To avoid tiredness and burn out, which occur in the subtle body’s lung, we must be mindful of this “inner speed limit.”

Without getting into working with the nadis (channels or nerves) or bindu (mind essence), Tsoknyi Rinpoche presents these teachings as part of the vast path, which leads to well-being, but not to complete liberation.

For enlightenment, one needs the profound path: renunciation, understanding emptiness and absolute bodhicitta and receiving lineage blessing so to practice with devotion and commitment.

A traditional concept is that the mind is the rider and the lung is the horse. So the mind needs to ride a healthy lung, not a wounded one. Through what Trungpa Rinpoche would call “loving kindness” the lung can relax into harmony with the mind and gross body.

This harmony then is the basis of the profound path.

Another wonderful exploration within the book is a study of the difference between “mere I,” “reified I,” “needy I” and “social I,”

The harmony established between the mind, gross body and subtle body leaves one with a fluid, healthy, functional ego or “I,” like the one we use in speech: “I’ll see you tomorrow.”

“Reified I” is solid and more serious because it has frozen “mere I:” I am an accountant, a jazz musician, a health care worker.
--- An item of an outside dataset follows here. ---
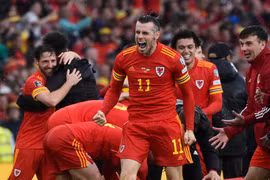 Bale giúp xứ Wales giành vé dự World Cup 2022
There’s no problem with these roles as long as one sees them as one’s job, a hat one wears, and does not confuse it with the “mere I.”

“Needy I” wants constant confirmation and is self-cherishing: “It’s all about me.”

And “social I” is the persona one accumulates in the world, like actors who blur the image of themselves with “mere I.”

Gently deconstructing the “social, needy and reified” aspects of ego transforms emotional blockages by restoring “mere I” with its healthy subtle body lung.

Open Heart, Open Mind provides a bridge between ancient wisdom and modern life.

The language in the book is user friendly and replete with humor. The author, while supporting nunneries in the East and teaching in the West, is a married lama and father of two daughters, giving him experience understanding relationships and matters of both the heart and the mind.